Problem statement

https://leetcode.com/problems/race-car/

Solution

One way to solve this problem is to use bfs with states (place, speed). It can be shown, that it is enough to visit only places with values between -2*target, 2*target. Also notice, that speed always is power of two, so there will be O(n log n) different states, where n = target. Next, what we do, we perform usual bfs. One important thing about bfs here, that we first need to check if state is visited and then put it to queue, in opposite case we can have several equal elements in queue.
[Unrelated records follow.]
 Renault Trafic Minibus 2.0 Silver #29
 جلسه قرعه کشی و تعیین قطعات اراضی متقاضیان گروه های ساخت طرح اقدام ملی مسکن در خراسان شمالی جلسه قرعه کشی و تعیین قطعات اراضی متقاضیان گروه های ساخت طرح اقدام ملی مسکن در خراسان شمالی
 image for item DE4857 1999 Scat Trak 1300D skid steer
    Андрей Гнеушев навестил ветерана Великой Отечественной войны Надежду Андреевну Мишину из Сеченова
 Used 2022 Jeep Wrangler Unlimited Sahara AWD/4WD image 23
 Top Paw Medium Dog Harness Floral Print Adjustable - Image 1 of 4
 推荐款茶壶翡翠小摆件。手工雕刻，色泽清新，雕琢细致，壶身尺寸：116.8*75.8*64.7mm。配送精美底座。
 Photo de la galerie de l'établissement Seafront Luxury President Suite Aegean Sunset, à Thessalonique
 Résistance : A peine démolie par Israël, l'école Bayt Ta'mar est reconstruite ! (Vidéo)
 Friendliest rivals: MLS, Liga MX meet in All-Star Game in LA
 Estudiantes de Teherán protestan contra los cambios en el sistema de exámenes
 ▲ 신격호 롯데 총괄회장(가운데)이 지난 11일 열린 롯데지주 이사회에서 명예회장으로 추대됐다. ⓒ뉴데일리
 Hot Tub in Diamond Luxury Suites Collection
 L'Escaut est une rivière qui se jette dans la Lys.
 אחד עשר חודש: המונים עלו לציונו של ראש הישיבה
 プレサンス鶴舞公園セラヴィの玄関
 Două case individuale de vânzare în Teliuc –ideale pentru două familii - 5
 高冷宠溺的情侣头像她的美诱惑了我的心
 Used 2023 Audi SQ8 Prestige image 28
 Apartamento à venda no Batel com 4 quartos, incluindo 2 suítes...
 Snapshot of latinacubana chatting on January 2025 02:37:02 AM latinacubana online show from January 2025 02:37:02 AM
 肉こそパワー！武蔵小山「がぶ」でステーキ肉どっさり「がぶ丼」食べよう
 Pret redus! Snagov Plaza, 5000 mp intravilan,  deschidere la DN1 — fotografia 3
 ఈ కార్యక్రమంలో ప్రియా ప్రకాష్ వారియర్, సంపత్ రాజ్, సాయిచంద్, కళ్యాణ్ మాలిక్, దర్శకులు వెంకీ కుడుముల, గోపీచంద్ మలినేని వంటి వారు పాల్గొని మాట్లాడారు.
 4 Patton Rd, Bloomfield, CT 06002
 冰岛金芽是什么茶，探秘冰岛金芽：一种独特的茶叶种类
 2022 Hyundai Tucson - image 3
It is OK to put it before, if we working with trees, like in problem 0742, but not here.

Complexity

Finally, time and space complexity will be O(n log n).

Code

class Solution:
    def racecar(self, target):
        queue, visited = deque([(0, 1, 0)]), set([(0, 1)])
        LIMIT = target*2
        
        while queue:
            pos, speed, steps = queue.popleft()
            if pos == target: return steps
        
            cand1, cand2 = (pos+speed, speed<<1), (pos, -speed//abs(speed))
            if abs(pos+speed) <= LIMIT and cand1 not in visited:
                visited.add(cand1)
                queue.append((pos+speed, speed<<1, steps + 1))
            if cand2 not in visited:
                visited.add(cand2)
                queue.append((pos, -speed//abs(speed), steps + 1))

Remark

There is also Dijkstra solution: we can notice, that every optimal path will look like: we make several steps to the right, then several steps to the left, then again to the right ans so on, so final target will be equal to $(2^{k_1} - 1) - (2^{k_2} - 1) + (2^{k_3} - 1) - \dots $. However in practice it works almost the same as bfs.

There is also dp solution, with the same complexity, but it works 3-4 times faster. Also, there is one cheat on leetcode, which can increase speed dramatically: if we define dp outside our function, we will hash solutions for for smaller sub-problems.

Finally, there is greedy strategy, which I do not completely understand.